===== DATA EXCERPT =====

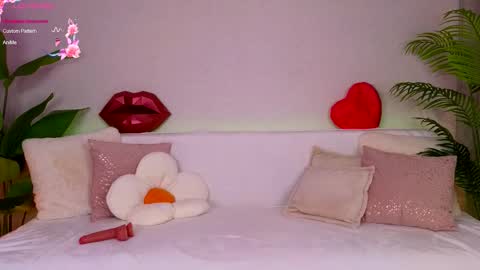 Snapshot of lana_me chatting on 09.15.25 Milana online show from 09.15.25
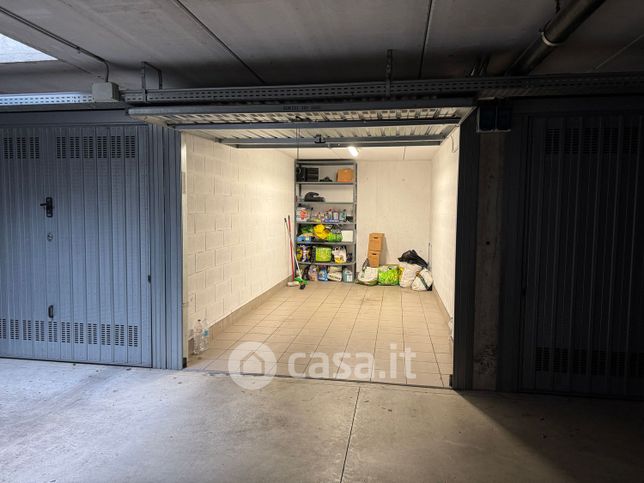 Garage/posto auto in residenziale in Via Prato 30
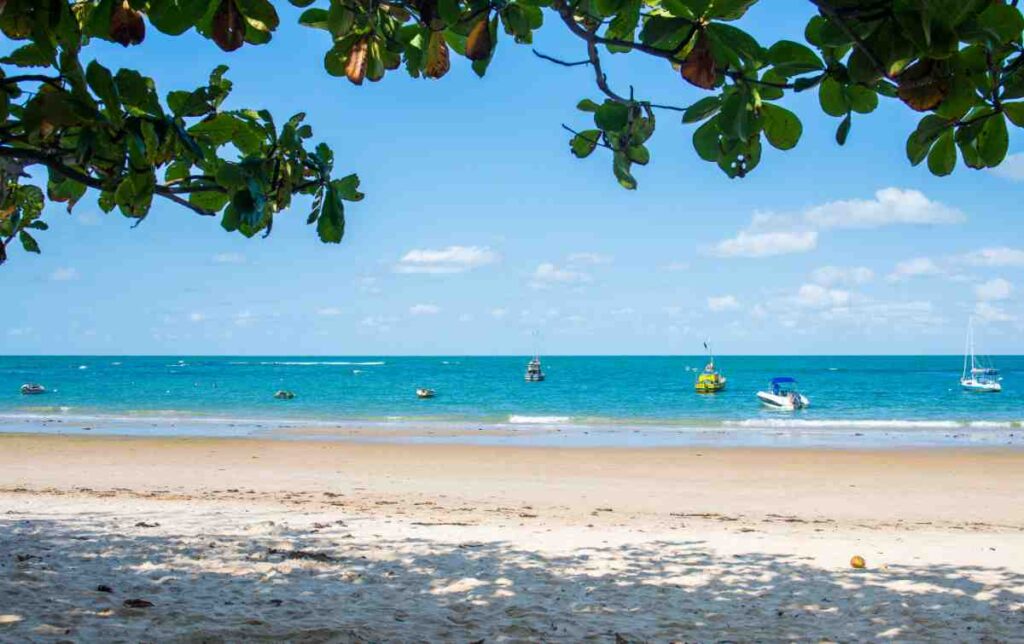 Uma das melhores praias da Bahia: Praia dos Coqueiros em Trancoso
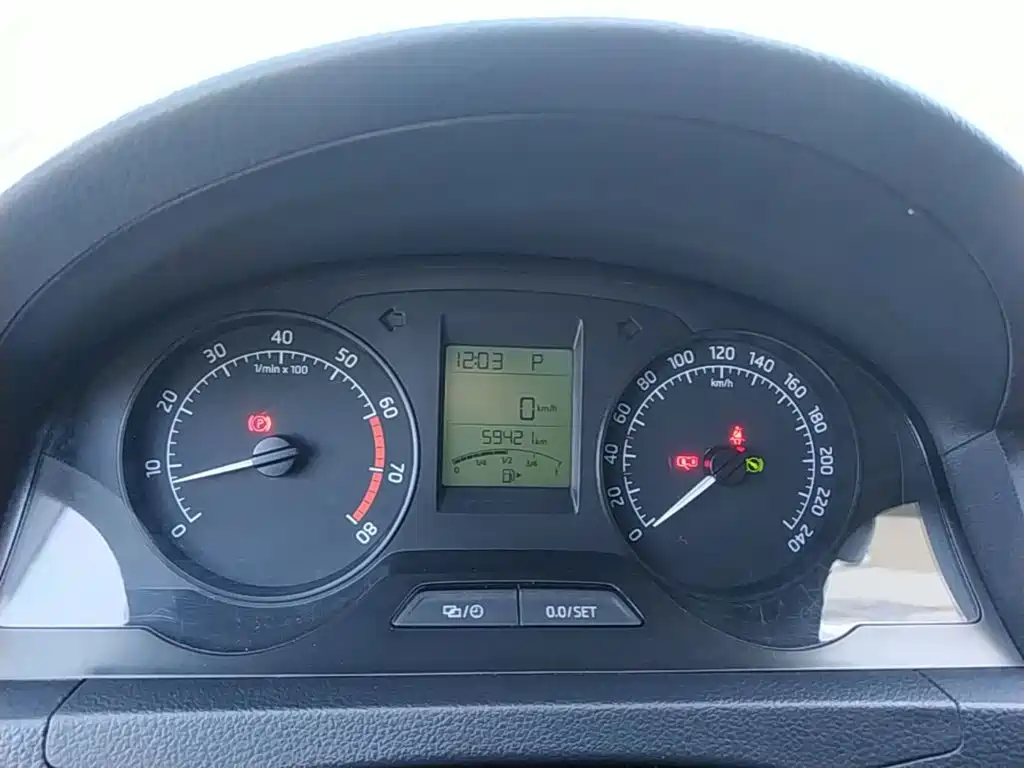 Skoda Rapid — миниатюра 12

=====

» **EXERCISE PROMPT**:
For this copy, leave pictures out and reproduce the lines from the one bearing "Garage/posto auto in" through the final line of the listing above, both ends included.

» **PROBLEM SOLUTION**:
 Garage/posto auto in residenziale in Via Prato 30
 Uma das melhores praias da Bahia: Praia dos Coqueiros em Trancoso
 Skoda Rapid — миниатюра 12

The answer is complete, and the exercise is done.